Activity: Copy the lines below verbatim. Begin with the first and end with the line containing "[b]Go to [url=http://www.beards.org/beard026.php]Manny's".

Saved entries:
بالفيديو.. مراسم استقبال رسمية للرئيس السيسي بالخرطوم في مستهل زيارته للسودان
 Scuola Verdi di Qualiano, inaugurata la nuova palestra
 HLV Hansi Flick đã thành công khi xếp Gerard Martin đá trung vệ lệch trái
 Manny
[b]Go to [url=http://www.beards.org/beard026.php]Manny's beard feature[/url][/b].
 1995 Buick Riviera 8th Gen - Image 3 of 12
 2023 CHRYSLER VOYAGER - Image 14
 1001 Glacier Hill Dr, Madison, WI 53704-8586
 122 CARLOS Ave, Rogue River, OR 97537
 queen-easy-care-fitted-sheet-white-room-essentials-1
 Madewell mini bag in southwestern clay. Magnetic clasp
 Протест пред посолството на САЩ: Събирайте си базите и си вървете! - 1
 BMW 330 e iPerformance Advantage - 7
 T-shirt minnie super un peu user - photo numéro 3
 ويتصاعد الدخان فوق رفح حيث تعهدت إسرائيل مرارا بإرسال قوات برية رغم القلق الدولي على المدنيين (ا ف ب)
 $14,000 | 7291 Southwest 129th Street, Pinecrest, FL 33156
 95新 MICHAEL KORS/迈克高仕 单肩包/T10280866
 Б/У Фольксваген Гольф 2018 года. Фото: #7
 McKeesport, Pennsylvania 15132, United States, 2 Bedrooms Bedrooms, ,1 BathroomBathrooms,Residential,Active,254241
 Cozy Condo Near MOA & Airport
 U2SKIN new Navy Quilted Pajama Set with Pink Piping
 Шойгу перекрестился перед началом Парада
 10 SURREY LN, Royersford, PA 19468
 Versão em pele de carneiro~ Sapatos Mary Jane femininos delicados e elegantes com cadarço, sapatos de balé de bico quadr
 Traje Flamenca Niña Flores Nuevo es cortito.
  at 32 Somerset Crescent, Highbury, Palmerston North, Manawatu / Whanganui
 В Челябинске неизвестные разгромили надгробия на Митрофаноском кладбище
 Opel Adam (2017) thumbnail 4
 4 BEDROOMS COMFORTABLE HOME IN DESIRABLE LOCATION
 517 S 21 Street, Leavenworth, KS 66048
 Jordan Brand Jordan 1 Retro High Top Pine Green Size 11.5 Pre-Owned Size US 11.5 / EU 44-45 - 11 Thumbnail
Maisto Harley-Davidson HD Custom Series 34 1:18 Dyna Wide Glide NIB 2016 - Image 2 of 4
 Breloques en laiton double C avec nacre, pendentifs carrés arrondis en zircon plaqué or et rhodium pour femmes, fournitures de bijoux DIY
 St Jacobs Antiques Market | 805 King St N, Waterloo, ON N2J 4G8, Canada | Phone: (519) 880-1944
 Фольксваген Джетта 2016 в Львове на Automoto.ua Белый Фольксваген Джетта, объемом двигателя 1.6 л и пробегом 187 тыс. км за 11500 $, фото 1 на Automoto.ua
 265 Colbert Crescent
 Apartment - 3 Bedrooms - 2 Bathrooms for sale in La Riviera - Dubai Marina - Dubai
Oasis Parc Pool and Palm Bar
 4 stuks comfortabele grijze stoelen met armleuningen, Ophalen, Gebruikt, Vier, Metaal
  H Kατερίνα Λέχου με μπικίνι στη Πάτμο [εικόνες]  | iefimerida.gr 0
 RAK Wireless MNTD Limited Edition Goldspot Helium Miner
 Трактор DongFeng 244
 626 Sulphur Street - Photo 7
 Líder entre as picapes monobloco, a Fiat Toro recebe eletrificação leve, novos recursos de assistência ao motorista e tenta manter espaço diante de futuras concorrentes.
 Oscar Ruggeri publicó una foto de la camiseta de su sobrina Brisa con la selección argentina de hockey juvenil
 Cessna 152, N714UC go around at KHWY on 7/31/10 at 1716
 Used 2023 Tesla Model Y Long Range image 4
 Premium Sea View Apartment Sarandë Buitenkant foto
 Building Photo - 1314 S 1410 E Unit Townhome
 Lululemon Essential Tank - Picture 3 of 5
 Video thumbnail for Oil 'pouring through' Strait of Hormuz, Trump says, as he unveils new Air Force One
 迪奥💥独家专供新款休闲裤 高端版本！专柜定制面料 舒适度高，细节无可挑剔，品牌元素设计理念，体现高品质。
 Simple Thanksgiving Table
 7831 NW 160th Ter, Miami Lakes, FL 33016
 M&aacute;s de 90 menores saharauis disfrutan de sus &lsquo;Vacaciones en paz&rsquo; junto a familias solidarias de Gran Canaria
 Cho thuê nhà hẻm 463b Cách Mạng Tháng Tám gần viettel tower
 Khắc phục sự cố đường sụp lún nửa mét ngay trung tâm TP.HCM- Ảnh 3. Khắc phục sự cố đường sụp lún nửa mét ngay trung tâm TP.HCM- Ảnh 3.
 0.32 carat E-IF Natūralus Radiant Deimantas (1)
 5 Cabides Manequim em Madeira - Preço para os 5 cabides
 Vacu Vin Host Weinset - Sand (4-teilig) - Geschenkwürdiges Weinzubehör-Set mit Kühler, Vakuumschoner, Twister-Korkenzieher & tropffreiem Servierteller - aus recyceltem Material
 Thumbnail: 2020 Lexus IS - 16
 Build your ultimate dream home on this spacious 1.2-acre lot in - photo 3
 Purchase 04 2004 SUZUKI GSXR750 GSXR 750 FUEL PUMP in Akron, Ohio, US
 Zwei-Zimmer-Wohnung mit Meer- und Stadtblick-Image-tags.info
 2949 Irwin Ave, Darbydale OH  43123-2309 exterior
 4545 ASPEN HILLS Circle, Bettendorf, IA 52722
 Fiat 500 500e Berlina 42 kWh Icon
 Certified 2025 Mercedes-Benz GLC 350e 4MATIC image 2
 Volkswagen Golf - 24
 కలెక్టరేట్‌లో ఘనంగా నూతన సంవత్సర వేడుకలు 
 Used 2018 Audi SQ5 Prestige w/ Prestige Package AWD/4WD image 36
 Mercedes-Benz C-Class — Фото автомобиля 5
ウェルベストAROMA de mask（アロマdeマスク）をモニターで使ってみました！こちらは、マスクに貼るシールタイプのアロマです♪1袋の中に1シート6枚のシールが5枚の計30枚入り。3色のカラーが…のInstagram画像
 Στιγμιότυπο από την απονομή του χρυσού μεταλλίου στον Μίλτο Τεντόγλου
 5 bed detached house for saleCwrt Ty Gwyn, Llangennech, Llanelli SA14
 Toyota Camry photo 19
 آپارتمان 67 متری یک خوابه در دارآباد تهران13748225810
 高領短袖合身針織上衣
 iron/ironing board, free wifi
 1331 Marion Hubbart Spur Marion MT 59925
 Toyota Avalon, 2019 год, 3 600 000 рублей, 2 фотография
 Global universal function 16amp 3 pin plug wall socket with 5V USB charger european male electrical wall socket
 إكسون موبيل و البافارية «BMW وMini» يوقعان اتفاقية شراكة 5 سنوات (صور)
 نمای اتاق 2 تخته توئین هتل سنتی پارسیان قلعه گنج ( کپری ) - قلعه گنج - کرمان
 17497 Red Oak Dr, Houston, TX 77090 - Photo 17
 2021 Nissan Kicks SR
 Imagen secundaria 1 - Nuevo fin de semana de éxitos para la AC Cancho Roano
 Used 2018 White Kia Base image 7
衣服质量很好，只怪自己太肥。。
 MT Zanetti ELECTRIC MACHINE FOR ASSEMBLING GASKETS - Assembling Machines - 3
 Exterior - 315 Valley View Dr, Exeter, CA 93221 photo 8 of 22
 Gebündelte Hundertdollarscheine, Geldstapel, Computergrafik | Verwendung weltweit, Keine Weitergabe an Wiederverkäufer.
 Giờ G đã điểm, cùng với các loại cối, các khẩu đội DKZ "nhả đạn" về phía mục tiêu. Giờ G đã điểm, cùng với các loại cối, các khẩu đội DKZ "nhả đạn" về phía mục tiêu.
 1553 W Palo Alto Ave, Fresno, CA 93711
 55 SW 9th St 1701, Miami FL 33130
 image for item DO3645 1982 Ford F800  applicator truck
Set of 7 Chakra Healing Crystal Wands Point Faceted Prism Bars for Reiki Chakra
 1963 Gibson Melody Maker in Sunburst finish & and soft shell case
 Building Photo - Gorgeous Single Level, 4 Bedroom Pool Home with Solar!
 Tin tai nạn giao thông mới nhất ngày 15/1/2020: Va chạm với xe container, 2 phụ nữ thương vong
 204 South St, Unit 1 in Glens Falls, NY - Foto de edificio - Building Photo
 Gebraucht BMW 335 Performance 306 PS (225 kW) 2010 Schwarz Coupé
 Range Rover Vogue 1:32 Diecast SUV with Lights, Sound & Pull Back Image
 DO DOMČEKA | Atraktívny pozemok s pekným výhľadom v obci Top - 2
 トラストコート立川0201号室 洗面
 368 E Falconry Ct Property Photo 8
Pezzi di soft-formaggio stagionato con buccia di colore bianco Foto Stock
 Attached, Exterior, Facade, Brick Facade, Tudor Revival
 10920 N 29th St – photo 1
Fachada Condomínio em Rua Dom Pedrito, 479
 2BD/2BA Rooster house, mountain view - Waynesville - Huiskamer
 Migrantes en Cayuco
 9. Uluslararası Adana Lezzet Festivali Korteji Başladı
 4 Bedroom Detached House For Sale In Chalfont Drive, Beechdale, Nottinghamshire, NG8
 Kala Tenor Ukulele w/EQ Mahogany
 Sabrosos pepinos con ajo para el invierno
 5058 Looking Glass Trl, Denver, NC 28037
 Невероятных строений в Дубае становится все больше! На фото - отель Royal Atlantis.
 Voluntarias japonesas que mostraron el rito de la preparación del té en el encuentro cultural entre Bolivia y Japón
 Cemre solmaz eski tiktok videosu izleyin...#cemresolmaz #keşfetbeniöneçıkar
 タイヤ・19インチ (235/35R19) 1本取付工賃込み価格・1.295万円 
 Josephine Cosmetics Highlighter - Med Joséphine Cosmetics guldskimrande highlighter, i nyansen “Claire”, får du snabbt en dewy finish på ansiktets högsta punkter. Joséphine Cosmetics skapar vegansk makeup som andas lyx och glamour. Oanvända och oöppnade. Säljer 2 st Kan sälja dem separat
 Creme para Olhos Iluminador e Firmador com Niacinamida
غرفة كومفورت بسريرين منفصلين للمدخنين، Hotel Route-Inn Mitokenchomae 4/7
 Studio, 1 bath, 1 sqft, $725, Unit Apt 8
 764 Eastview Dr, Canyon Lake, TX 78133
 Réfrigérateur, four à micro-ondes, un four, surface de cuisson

Result of this exercise:
بالفيديو.. مراسم استقبال رسمية للرئيس السيسي بالخرطوم في مستهل زيارته للسودان
 Scuola Verdi di Qualiano, inaugurata la nuova palestra
 HLV Hansi Flick đã thành công khi xếp Gerard Martin đá trung vệ lệch trái
 Manny
[b]Go to [url=http://www.beards.org/beard026.php]Manny's beard feature[/url][/b].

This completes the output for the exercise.